* _ABOUT THIS EXERCISE_:
Restate word for word, and only, the lines that extend from the line containing "this 474×632 image." through the end of the records below.

* _Stored data entries_:

※

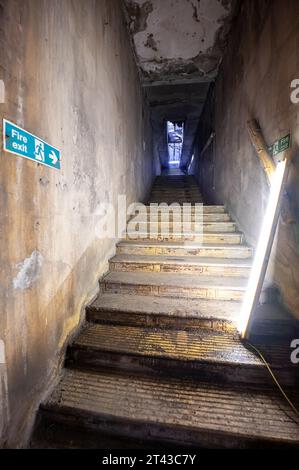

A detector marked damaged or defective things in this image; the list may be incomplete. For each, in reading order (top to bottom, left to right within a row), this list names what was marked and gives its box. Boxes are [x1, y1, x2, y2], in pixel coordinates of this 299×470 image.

peeling paint on wall [12, 250, 43, 290]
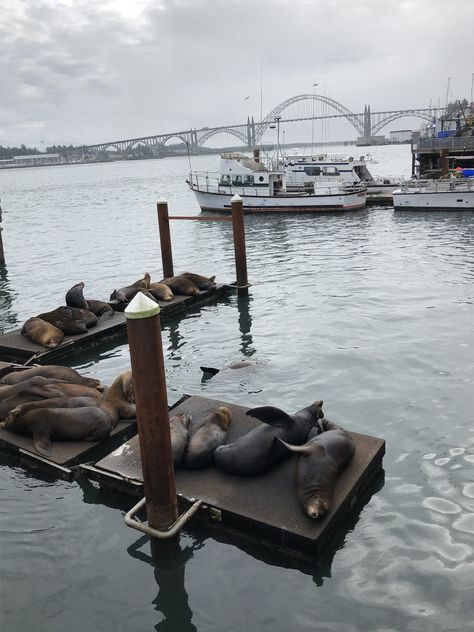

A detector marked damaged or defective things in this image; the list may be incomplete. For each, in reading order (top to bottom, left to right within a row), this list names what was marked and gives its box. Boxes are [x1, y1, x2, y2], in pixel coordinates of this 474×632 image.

rusty metal pole [157, 200, 174, 278]
rust stain on pole [157, 201, 174, 278]
rust stain on pole [231, 194, 250, 290]
rusty metal pole [231, 195, 250, 292]
rusty metal pole [126, 294, 178, 532]
rust stain on pole [126, 294, 178, 532]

※

* _RESPONSE BELOW_:
A detector marked damaged or defective things in this image; the list may be incomplete. For each, in reading order (top to bottom, left to right within a row), this list names what was marked and gives its box. Boxes are [x1, y1, x2, y2], in pixel coordinates of this 474×632 image.

rusty metal pole [157, 200, 174, 278]
rust stain on pole [157, 201, 174, 278]
rust stain on pole [231, 194, 250, 290]
rusty metal pole [231, 195, 250, 292]
rusty metal pole [126, 294, 178, 532]
rust stain on pole [126, 294, 178, 532]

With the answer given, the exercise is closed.